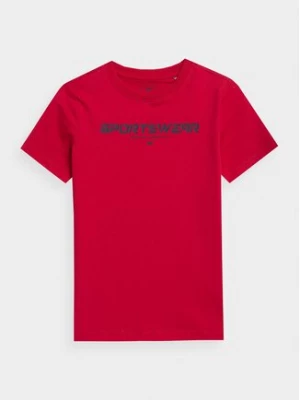 4F T-Shirt 4FJAW23TTSHM0797 Czerwony Regular Fit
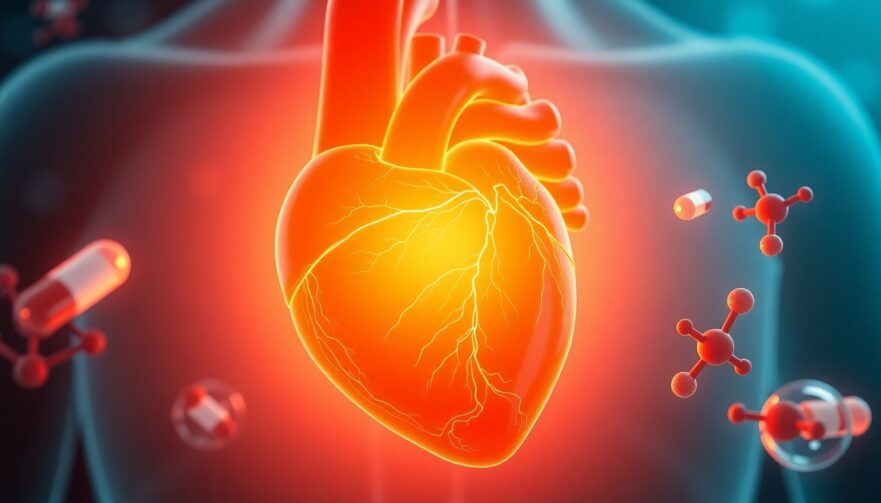 A stylized image showing a human heart glowing with renewed health, with representations of medication molecules nearby, symbolizing the positive impact of new drugs on heart failure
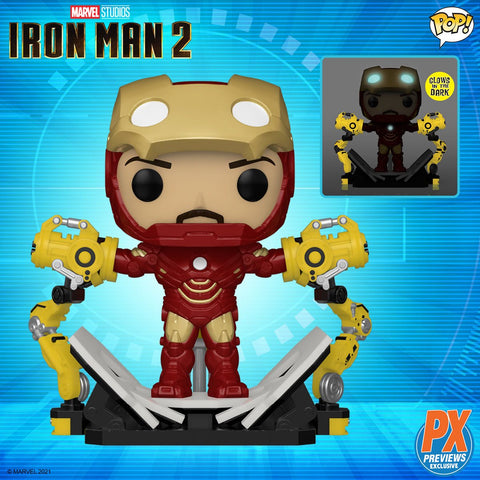 Image of (Funko) (Pre-Order) Iron Man MK IV with Gantry Glow-in-the-Dark 6-Inch Deluxe Pop - PX Exclusive
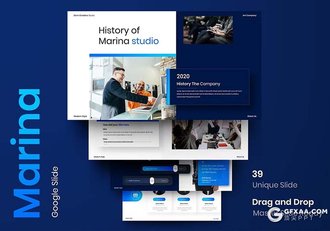 39页蓝色大气精美品牌宣传商业计划商务通用国外GoogleSlides模板 - 顶尖PPT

═══

An exact copy of all the data above is required; omit any pictures.

EXERCISE RESULT:
 4F T-Shirt 4FJAW23TTSHM0797 Czerwony Regular Fit
 A stylized image showing a human heart glowing with renewed health, with representations of medication molecules nearby, symbolizing the positive impact of new drugs on heart failure
 Image of (Funko) (Pre-Order) Iron Man MK IV with Gantry Glow-in-the-Dark 6-Inch Deluxe Pop - PX Exclusive
 39页蓝色大气精美品牌宣传商业计划商务通用国外GoogleSlides模板 - 顶尖PPT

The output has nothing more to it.